Content starts

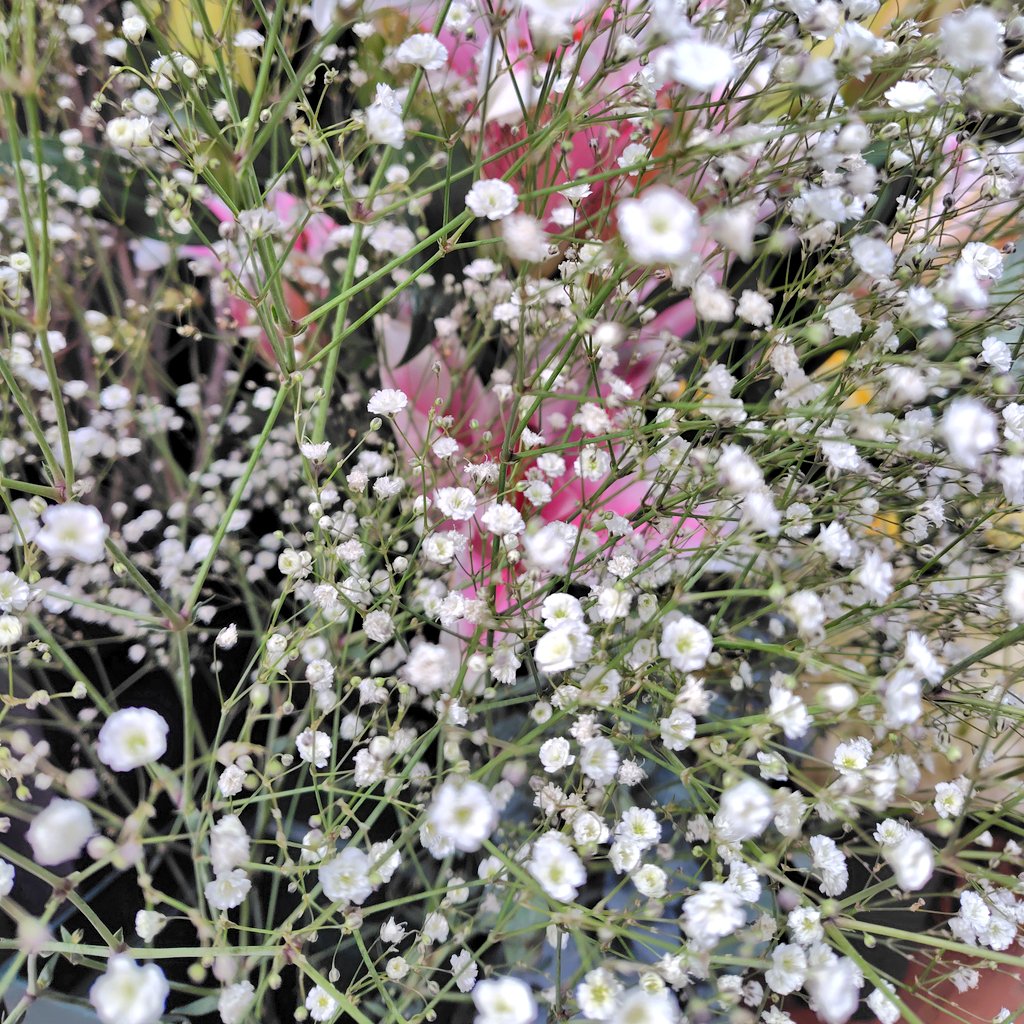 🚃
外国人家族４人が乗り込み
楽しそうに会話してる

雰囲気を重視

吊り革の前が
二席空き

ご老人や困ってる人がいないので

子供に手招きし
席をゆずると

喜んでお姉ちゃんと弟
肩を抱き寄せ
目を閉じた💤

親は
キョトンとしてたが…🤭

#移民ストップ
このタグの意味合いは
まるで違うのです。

Content ends
Content starts

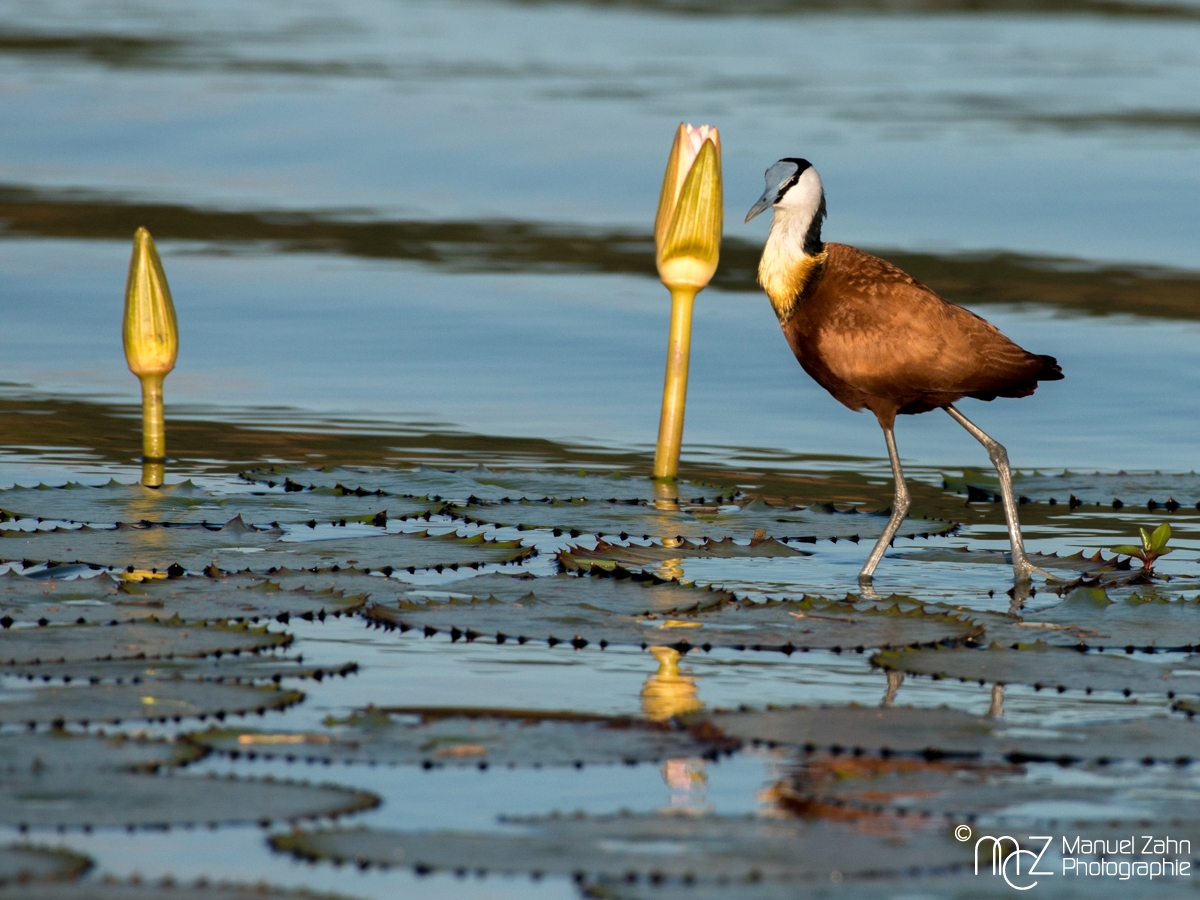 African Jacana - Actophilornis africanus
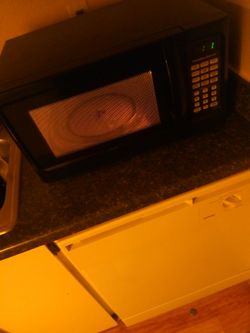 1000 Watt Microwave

Content ends

Look above for the line containing "African Jacana - Actophilornis africanus", then write out every line from there down to the line containing "1000 Watt Microwave", that line included, with no pictures.

 African Jacana - Actophilornis africanus
 1000 Watt Microwave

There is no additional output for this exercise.